Hiking down from the parking lot to the trail,  I found myself facing the Seismic Wall. This is one of the many rockfaces on the trail that are designated for climbing use. There were a few people climbing it when I got there. From there I went left (south) on the trail. For the most part the trail is easy going. You can certainly climb up the hills at various points (which I did) but there's not much drastic elevation change within the marked trail itself. After a little walking I came up to the 360 bridge that passes overhead. It's pretty impressive, having such a tall man-made structure flying over you. Right before that though were some signs of wetter days: ropes hanging off a tree that are used for swinging into creek when it's there.
Hiking along I came to a part of the trail that was close to mountain bikers. It was flatter than the bike trail, but they were in the process of letting some of the nature grow back. After that I came across some chains on the wall...another reminder of wetter times (they are to help you cross some slippery rocks). The trail then crosses the creek and continues on the right hand side of it. I walked all the way down to Twin Falls which was, of course, dry. This seemed to be a popular gathering spot, as it was the busiest part of the trail.
I turned around at this point, and decided to hike up the hill on the right. This took me to the Gaines Creek entrance. I was pretty tired at this point (it was REALLY hot out!), and was not looking forward to having to hike half a mile back down the hill and then another half mile to get to the point where I was at, lower on the hill. So I decided to go down a really steep path on the north side of the hill. It was fun, and got me down to the creek in no time. I crossed the dry stones under the bridge, avoiding the slightly muddy ones, and hiked back to the start. I passed by the climbing wall and watched them a bit. It was a pretty intense wall, and not one I would want to do until I was much better at rock climbing!
Few notes:
-There was grafitti a plenty on the made made structures (bridge columns, etc). Most of it was artistic in nature though, and even the "tags" had some visual worth.

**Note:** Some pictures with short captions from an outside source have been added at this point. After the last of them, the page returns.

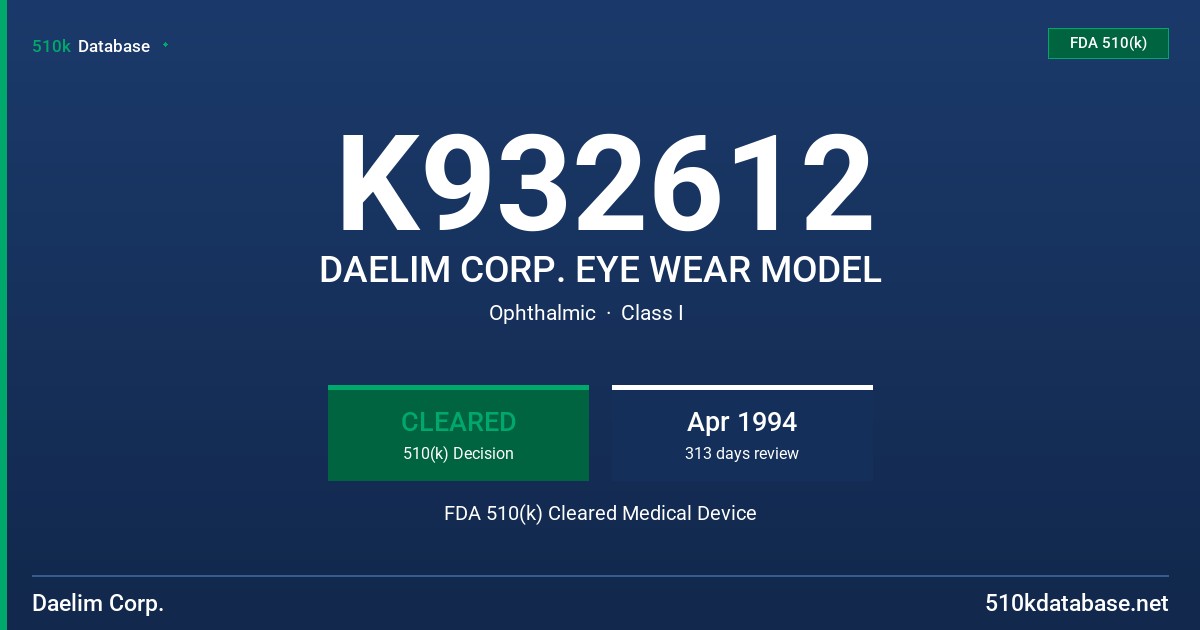 K932612 DAELIM CORP. EYE WEAR MODEL FDA 510(k) Cleared Medical Device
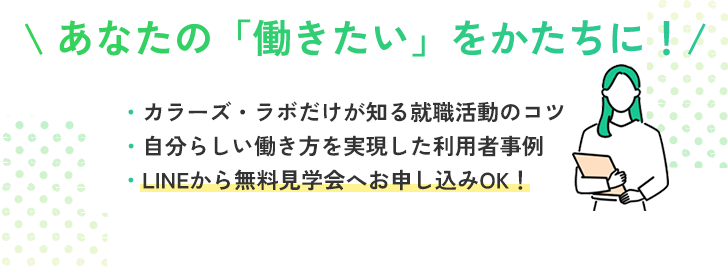 バナー: あなたの働きたいをかたちに！カラーズラボだけが知る就職活動のコツ、自分らしい働き方を実現した利用者事例などを配信。LINEから無料見学会へお申し込みOK！LINE登録で一歩を踏み出しましょう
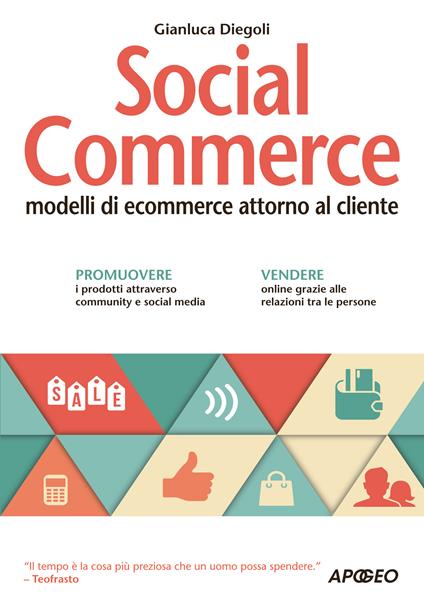 Social commerce. Modelli di ecommerce attorno al cliente - Gianluca Diegoli - ebook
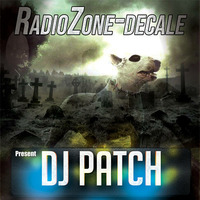 Dj Patch - Tech-House vs techno mai 2 by RadioZone-décalé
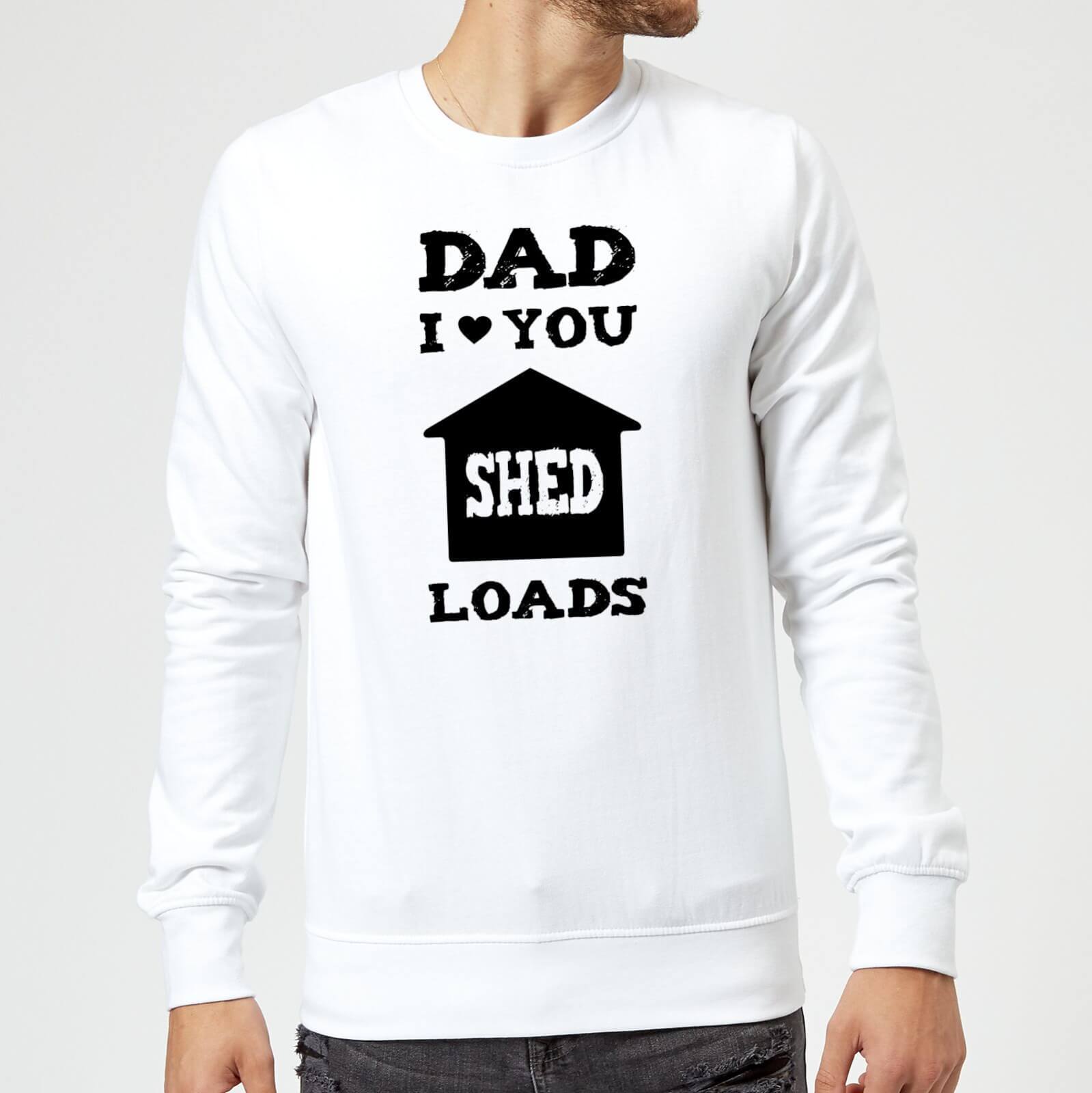 Dad I Love You Shed Loads Sweatshirt - White - S - White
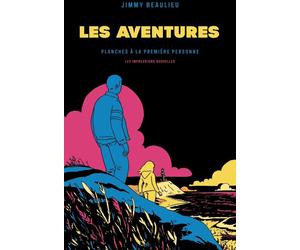 IMPRESSIONS NOUVELLES Les aventures - planches à la première personne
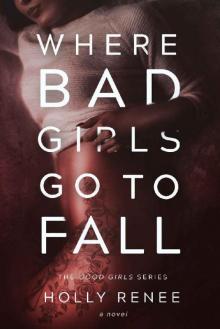 Where Bad Girls Go to Fall (The Good Girls Series Book 2) Read online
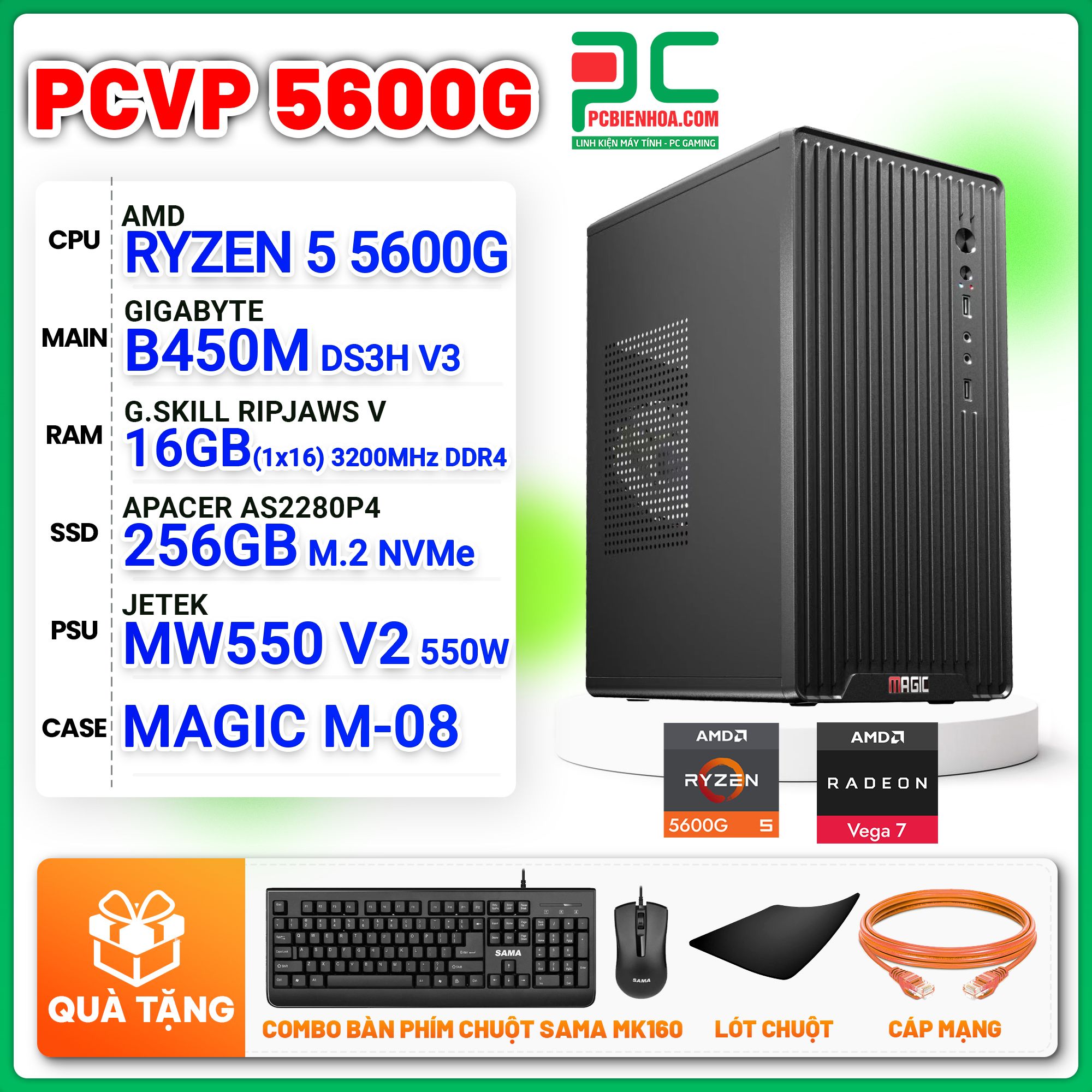 MÁY TÍNH VĂN PHÒNG AMD RYZEN 5 5600G / B450M / 16GB / 256GB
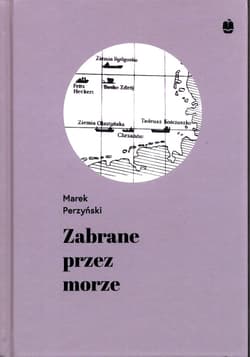 Zabrane przez morze - Marek Perzyński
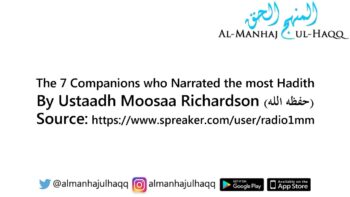 The 7 Companions who Narrated the most Hadith – By Ustaadh Moosaa Richardson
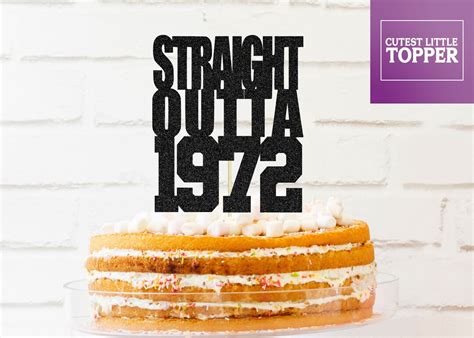 Straight Outta 1972 Cake Topper 1972 Birthday Cake Topper For 40th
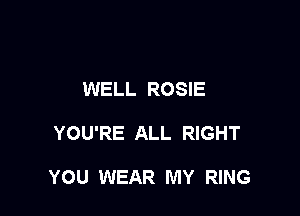 WELL ROSIE

YOU'RE ALL RIGHT

YOU WEAR MY RING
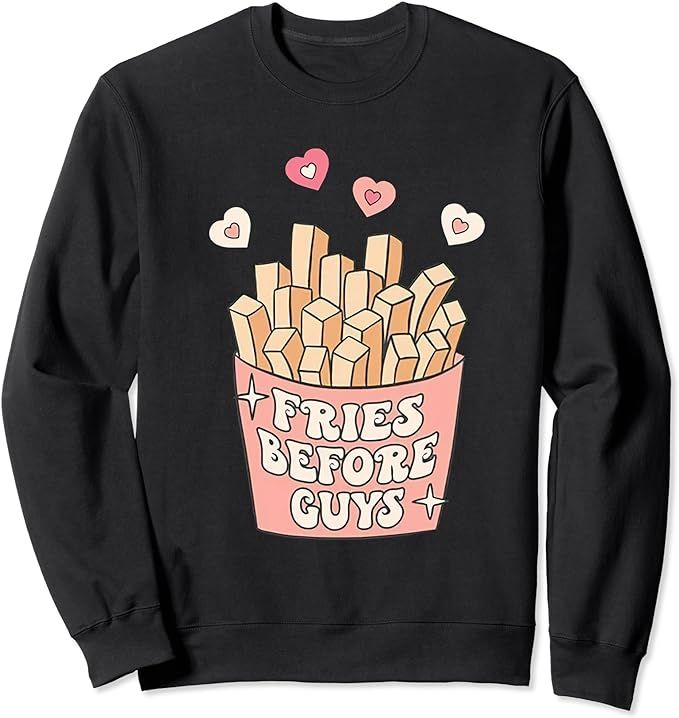 Fries before guys teenage girls dating valentine day Sweatshirt | Amazon (US)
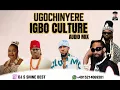 Download Lagu UGOCHINYERE IGBO CULTURE MIXTAPE 2025 BY DJ S SHINE BEST FT THERESA ONUOHA X ANYIDONS FLAVOUR PHYNO.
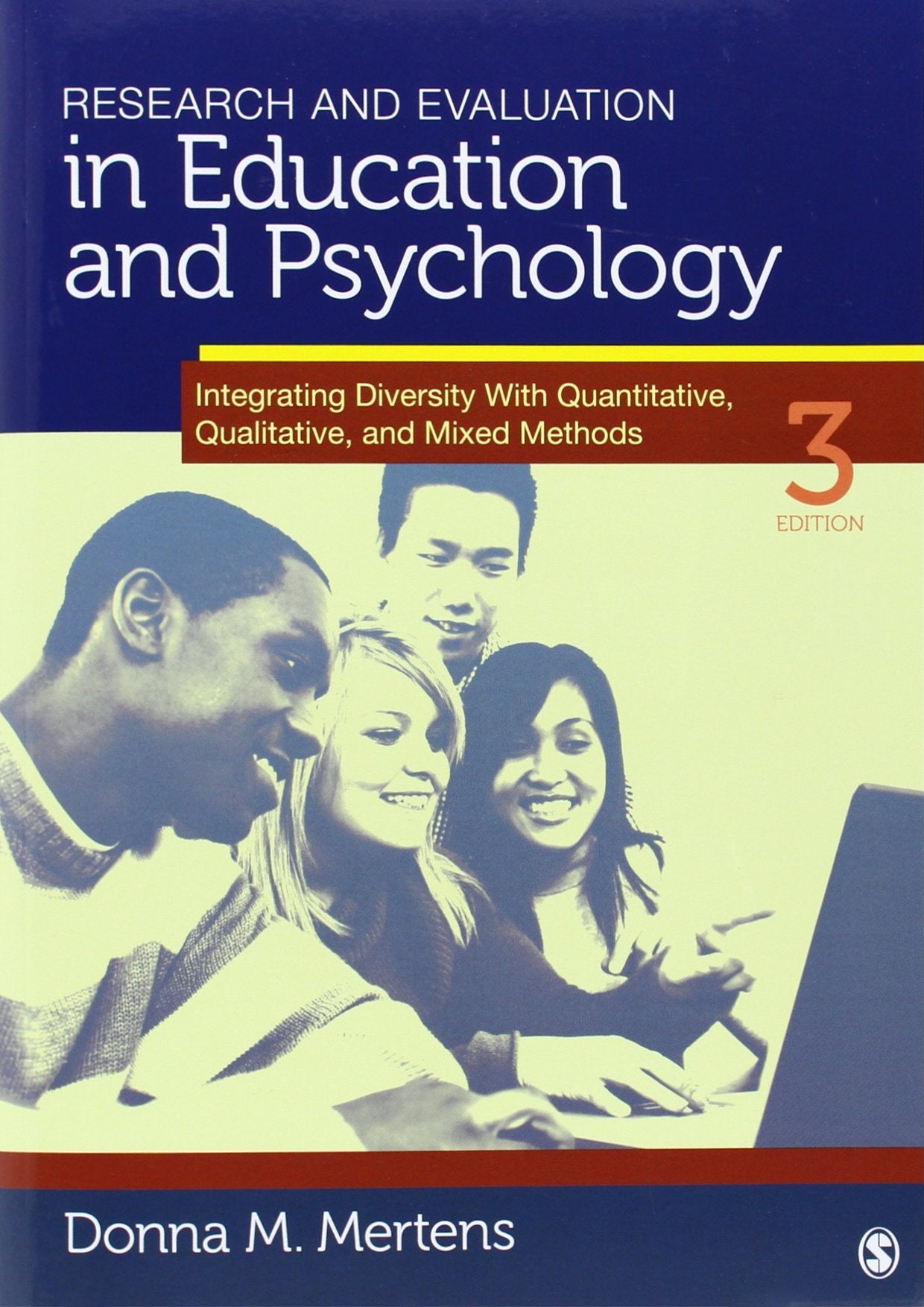 Research And Evaluation In Education And Psychology: Integrating Diversity With Quantitative and Qualitative Approaches book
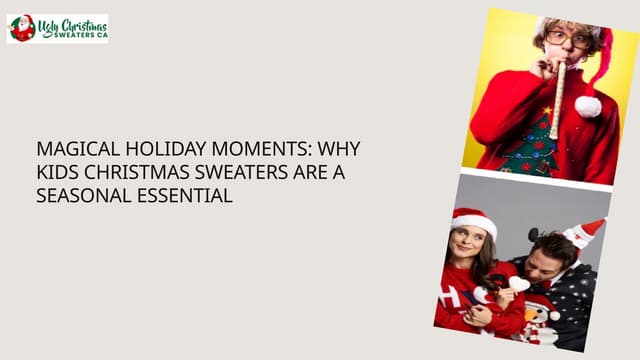 Magical Holiday Moments Why Kids Christmas Sweaters Are a Seasonal Essential.pptx
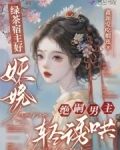 绿茶宿主好妖娆,绝嗣男主轻诱哄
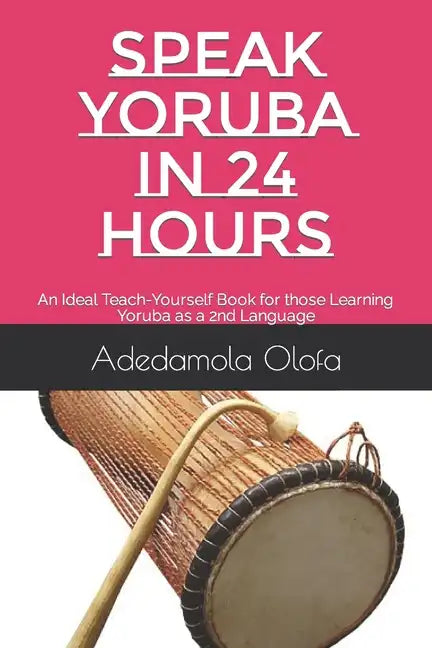 Speak Yoruba in 24 Hours: An Ideal Teach-Yourself Book for those Learning Yoruba as a 2nd Language - Paperback
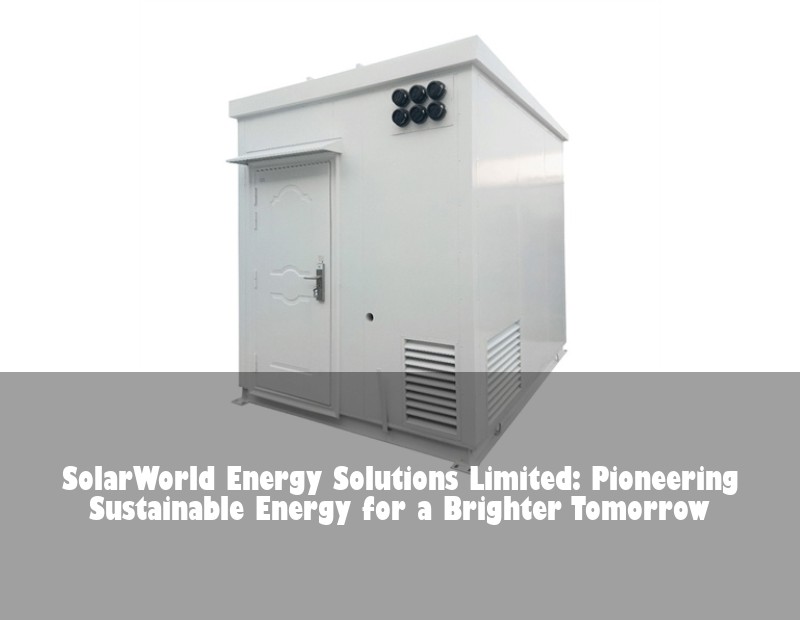 SolarWorld Energy Solutions Limited: Pioneering Sustainable Energy for a Brighter Tomorrow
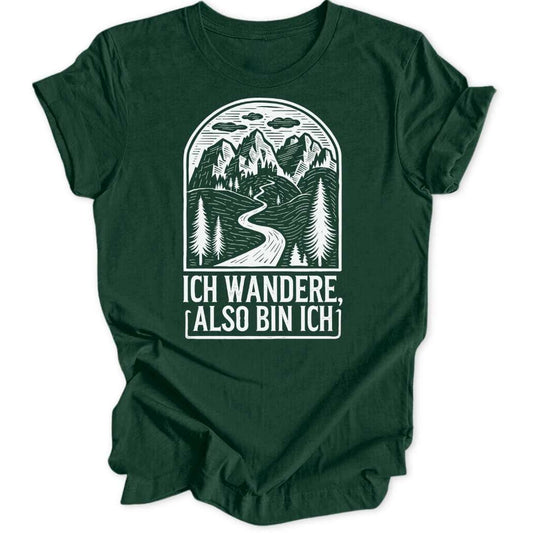 Ich wandere, also Unisex T-Shirt - Wild Spirit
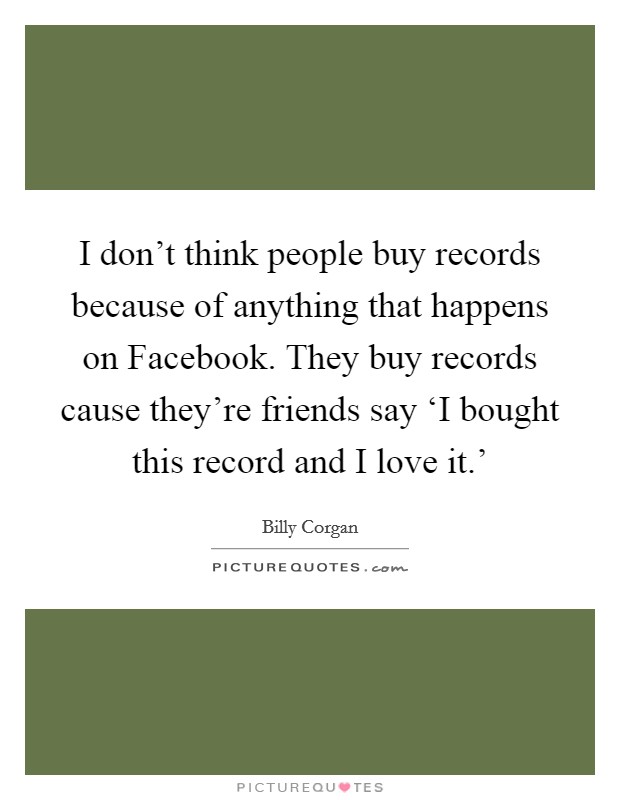 I don't think people buy records because of anything that happens on Facebook. They buy records cause they're friends say ‘I bought this record and I love it.' Picture Quote #1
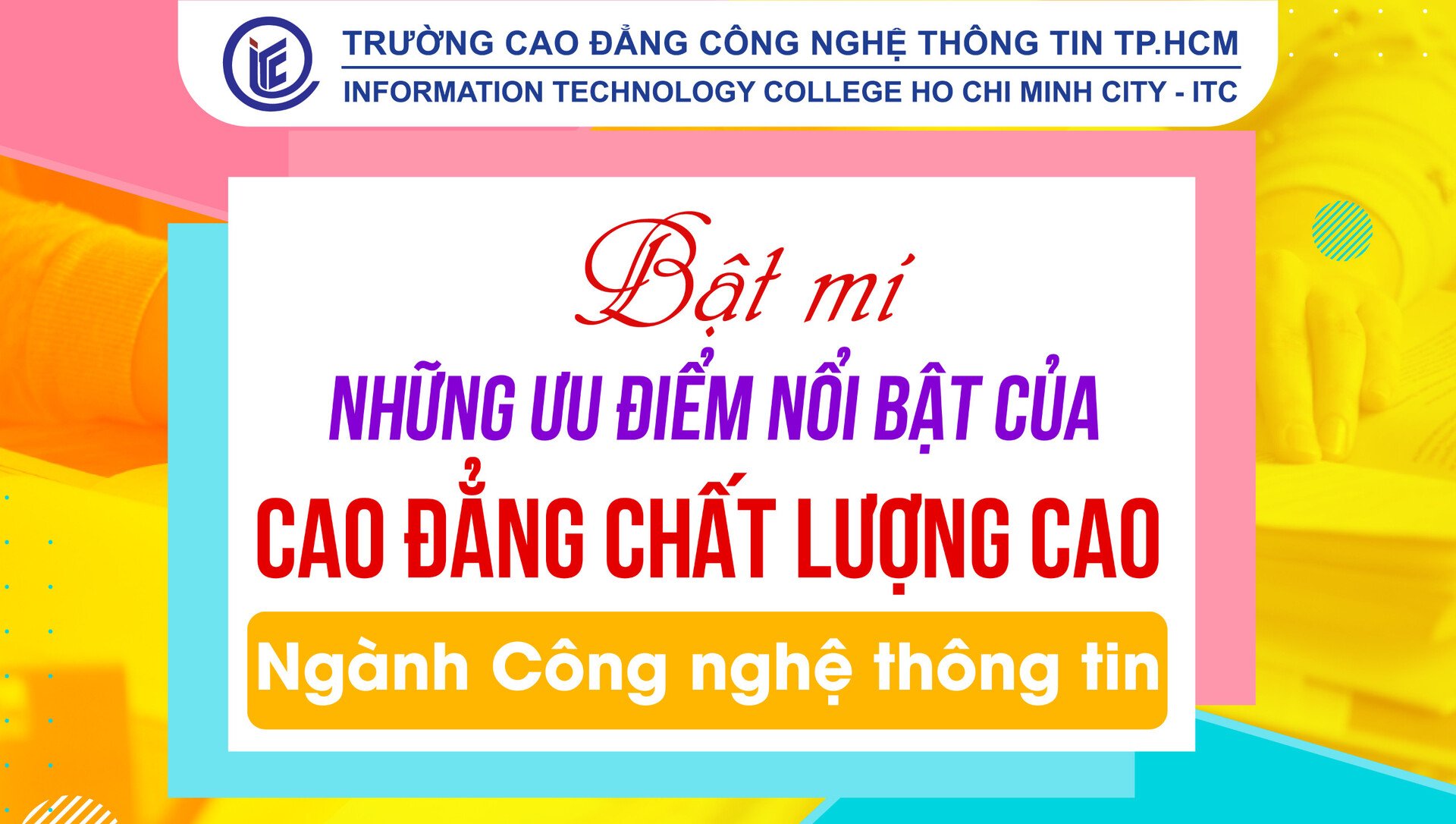 Bật mí những ưu điểm nổi bật của Cao đẳng Chất lượng cao ngành Công nghệ thông tin tại ITC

-This seems to be a pretty popular mountain bike trail. The section I did had no real offroad paths, but there is enough elevation change to warrant riding here.
-I took a detour halfway to Twin Falls, and found and interesting circular depression in the rock, which was obviously used as a "chill spot" for people at night (remnants of fire, some mild littering). I proceeded to climb further and found myself on the top of the rockface that the creek path goes along, with a sheer drop down to the path in some places. Pretty cool!